## Directions for this task
Report the number of lines in the data below that hold "Avenue", without any other words.

*** Opening Material for this task ***

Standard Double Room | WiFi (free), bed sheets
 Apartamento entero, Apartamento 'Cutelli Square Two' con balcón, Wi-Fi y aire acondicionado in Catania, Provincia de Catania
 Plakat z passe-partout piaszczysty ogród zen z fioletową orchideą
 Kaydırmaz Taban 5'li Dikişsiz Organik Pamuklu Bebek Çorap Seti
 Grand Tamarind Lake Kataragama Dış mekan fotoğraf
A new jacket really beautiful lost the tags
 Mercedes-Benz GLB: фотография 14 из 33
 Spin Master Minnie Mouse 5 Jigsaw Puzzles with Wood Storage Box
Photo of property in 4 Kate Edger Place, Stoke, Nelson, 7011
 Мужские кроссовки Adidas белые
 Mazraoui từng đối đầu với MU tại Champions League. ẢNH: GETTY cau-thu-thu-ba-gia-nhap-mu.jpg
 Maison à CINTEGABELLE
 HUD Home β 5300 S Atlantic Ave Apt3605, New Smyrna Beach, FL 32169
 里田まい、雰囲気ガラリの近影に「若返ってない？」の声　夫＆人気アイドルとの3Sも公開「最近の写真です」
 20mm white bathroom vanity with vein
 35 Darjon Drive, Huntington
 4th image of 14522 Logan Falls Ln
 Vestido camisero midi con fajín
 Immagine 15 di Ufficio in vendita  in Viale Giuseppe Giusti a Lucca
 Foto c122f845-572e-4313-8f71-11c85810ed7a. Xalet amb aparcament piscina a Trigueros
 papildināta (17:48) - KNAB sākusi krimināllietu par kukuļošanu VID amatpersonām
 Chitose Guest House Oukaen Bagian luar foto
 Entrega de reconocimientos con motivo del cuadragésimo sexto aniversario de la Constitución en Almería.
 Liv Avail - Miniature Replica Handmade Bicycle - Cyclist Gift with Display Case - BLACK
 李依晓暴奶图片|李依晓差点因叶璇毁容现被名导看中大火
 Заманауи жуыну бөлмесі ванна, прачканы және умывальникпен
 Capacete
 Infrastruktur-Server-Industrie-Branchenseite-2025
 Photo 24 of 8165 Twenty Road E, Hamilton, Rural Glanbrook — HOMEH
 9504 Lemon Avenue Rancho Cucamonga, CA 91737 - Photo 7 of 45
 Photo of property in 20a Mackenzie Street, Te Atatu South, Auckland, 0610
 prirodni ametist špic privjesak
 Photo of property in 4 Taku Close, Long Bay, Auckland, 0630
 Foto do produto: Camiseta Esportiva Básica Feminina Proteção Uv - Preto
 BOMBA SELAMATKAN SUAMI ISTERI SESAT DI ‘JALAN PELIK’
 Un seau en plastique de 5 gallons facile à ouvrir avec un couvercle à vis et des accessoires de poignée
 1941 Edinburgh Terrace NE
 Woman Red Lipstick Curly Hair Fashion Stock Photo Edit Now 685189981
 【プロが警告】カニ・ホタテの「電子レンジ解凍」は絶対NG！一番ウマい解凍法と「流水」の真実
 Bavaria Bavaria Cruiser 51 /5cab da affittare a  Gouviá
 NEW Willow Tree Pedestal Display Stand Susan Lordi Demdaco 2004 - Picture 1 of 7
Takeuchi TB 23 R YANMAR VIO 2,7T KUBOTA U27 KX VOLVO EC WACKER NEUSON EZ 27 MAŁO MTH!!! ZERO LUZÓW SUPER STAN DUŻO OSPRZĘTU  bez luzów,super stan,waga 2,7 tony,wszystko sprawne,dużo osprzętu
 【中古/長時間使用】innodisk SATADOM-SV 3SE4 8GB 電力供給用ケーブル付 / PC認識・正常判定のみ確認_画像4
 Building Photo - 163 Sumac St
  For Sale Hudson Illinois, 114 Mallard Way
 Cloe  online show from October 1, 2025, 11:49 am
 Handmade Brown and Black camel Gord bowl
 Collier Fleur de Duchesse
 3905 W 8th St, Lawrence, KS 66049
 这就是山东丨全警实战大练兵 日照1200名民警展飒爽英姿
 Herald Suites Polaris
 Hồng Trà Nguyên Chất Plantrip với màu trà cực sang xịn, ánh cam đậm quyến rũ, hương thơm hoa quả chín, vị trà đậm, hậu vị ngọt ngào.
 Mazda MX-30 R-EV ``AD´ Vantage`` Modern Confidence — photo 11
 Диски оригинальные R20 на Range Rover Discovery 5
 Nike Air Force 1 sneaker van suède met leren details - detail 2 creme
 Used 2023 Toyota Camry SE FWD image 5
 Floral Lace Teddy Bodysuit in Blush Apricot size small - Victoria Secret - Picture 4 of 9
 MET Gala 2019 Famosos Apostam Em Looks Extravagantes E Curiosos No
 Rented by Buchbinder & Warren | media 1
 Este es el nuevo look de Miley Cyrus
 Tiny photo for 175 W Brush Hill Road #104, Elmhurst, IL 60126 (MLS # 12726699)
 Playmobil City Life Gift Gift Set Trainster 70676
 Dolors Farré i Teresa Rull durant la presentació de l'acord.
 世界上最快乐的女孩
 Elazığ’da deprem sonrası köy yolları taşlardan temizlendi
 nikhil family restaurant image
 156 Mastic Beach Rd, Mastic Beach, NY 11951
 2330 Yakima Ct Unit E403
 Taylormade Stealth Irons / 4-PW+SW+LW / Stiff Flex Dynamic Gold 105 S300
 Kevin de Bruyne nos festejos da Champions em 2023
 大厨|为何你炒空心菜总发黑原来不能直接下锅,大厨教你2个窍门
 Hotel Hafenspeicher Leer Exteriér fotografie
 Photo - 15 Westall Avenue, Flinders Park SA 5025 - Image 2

*** Closing Material for this task ***

## Output
2